Hatton Court Hotel - old building by Ann Shaw

Hatton Court Hotel – old building by Ann Shaw

We stayed at the Hatton Court Hotel, just outside Gloucester and high on the west facing Cotswold scarp with a broad view of the alluvial flatlands of the Severn Vale. The core of the building was a 17th century house built in characteristic Cotswold Jurassic limestone. It provided a very convenient and comfortable base as well as being somewhere from which the local geology could be appreciated. That geology providing a link back to Yorkshire, as the Jurassic rocks of the area stretch across England from Dorset via the Cotswolds to the Yorkshire coast.

The first morning of our visit was occupied by a guided tour around Gloucester Cathedral. Scheduled to last an hour, our very practised guide generously gave us a fascinating two hours. It could easily have extended to two days given the amount of historical and architectural interest to be found. The intended aim of the tour was to show the cathedral’s highlights and their connections to more than a thousand years of activity.
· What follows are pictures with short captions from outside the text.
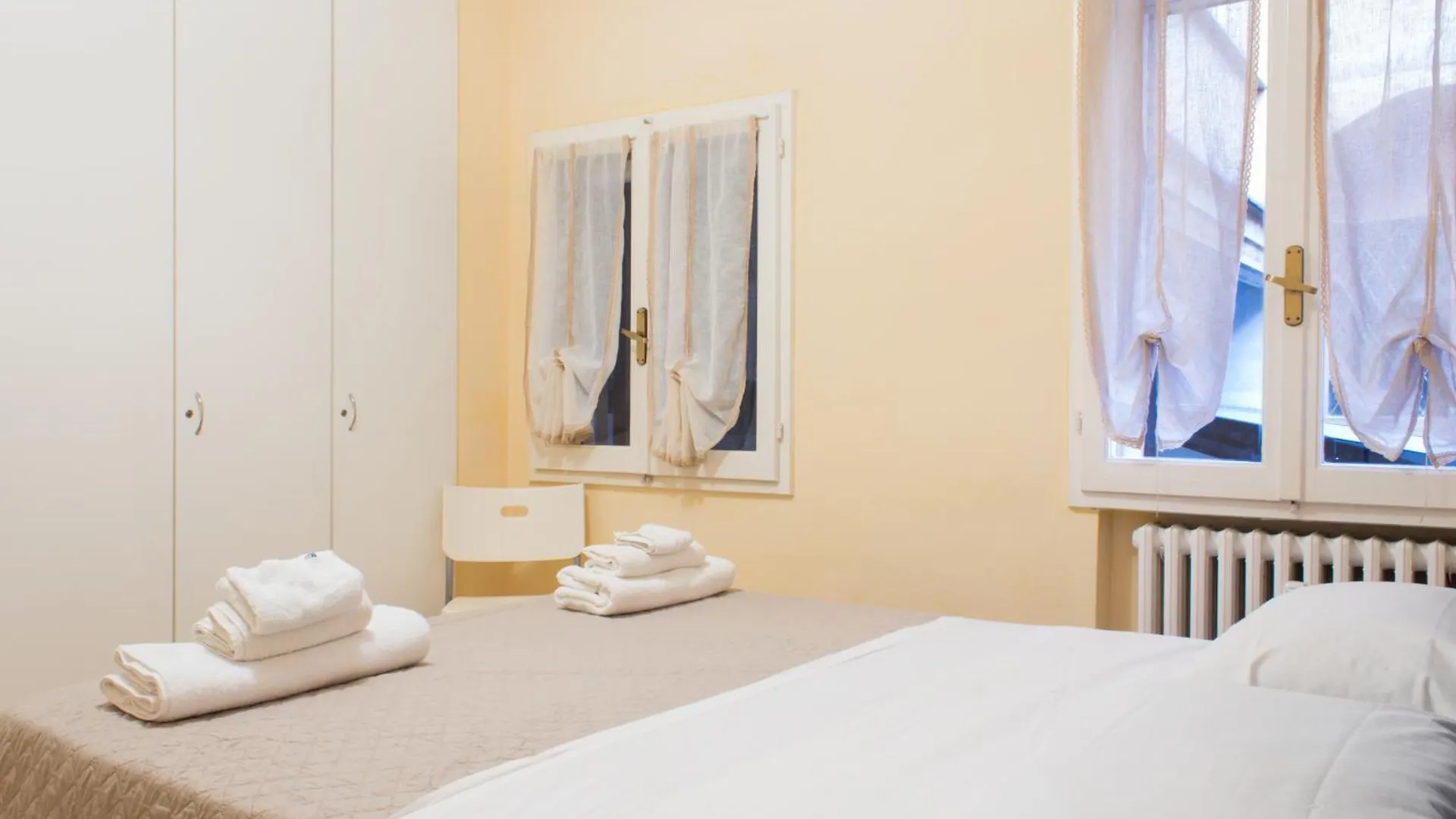 Blancohouse - Piazza Maggiore Bologna Centro 0*,  Italy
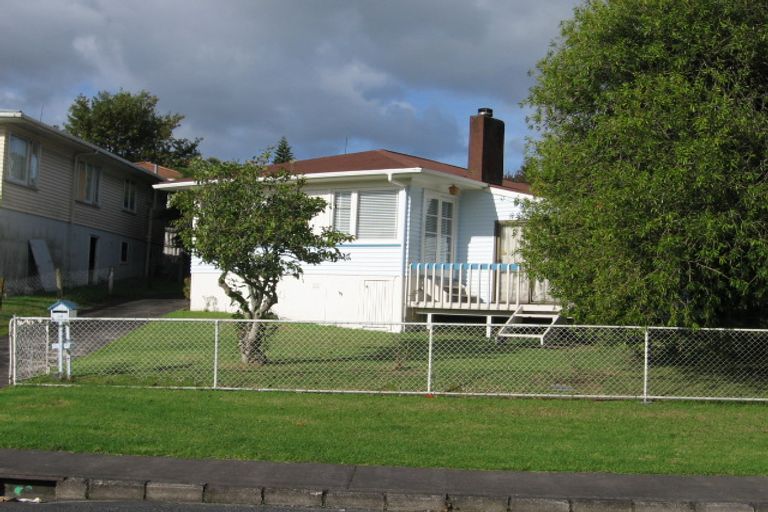 Photo of property in 11 Gill Avenue, Te Atatu Peninsula, Auckland, 0610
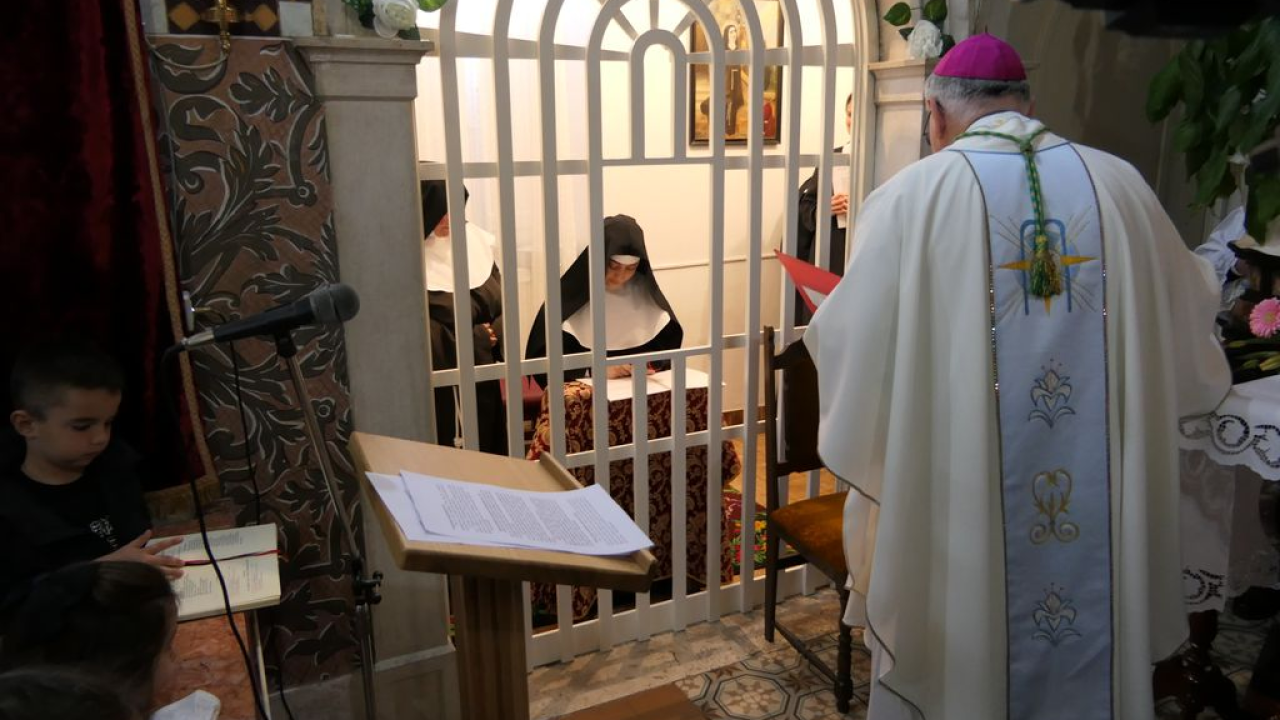 Vodičanka Nera završila za kozmetičare, krenula i u vojsku, a sad je u samostanu položila doživotne zavjete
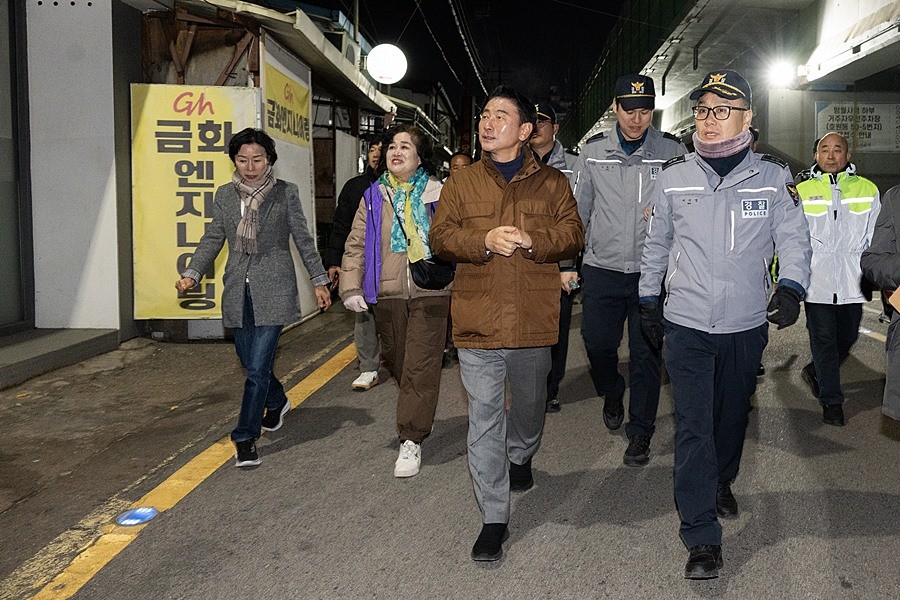 김동근 시장이 11월 19일 망월사역 인근 안심귀갓길 일대(약 400m 구간) 야간 합동 점검을 실시했다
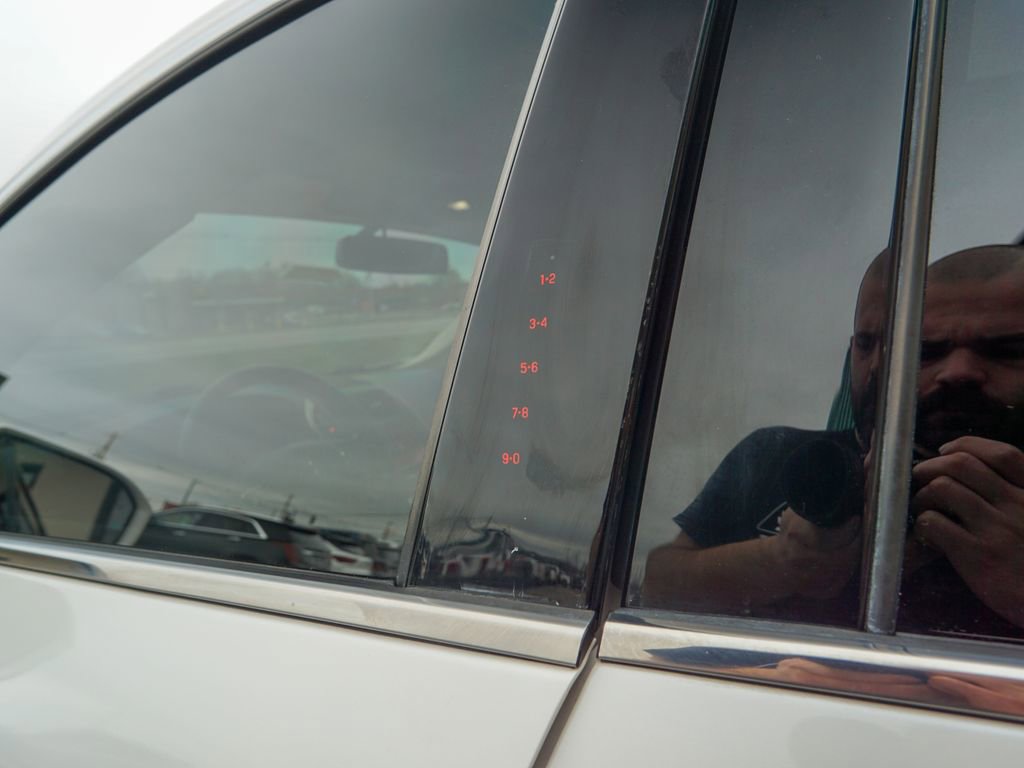 Used 2019 Lincoln MKC Reserve image 9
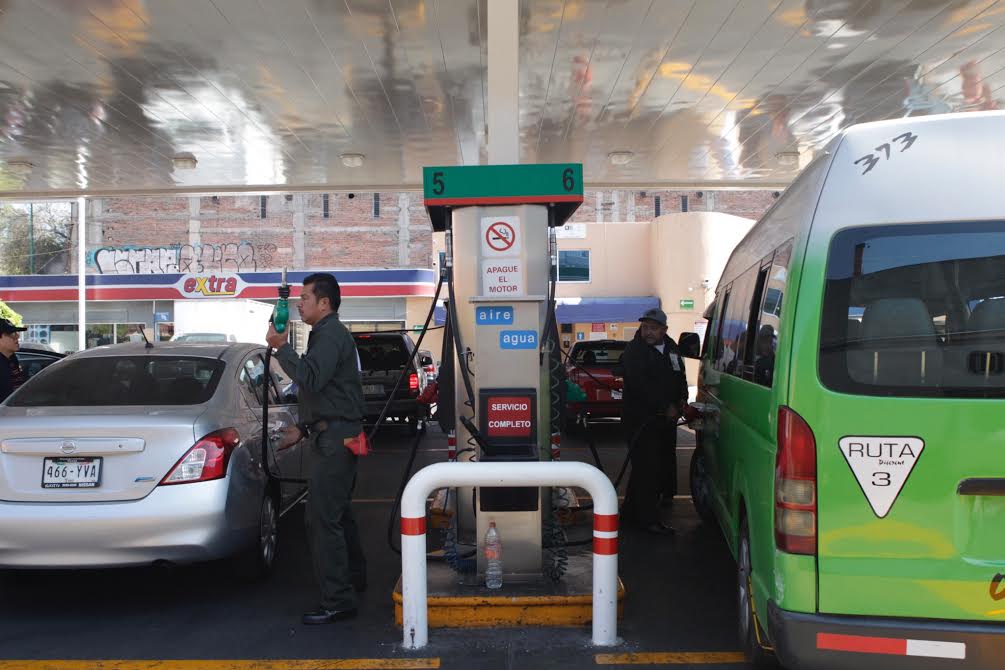 Carga de combustible en una gasolinera en la Ciudad de México. Foto Yazmín Ortega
It is not possible to cover much detail in this short report, but impressions can be given. The first and most striking of which was for me entering the nave and being struck by the imposing scale of the massive Norman pillars. Due to a historical quirk of royal nepotism, the Cathedral escaped the dissolution of the monasteries brought about by Henry VIII and so a complete set of monastic buildings remains, together with all the accretions that such a long period of occupation brings with it. I was struck by the imagination and self-confidence of the builders who conceived of and created this worship in stone. I have little idea of the building techniques employed which gave rise to such an imposing and long-lasting building, and can only marvel at the detail in the huge range of carvings such as shown, e.g., by vaulting in the cloisters and the external statuary.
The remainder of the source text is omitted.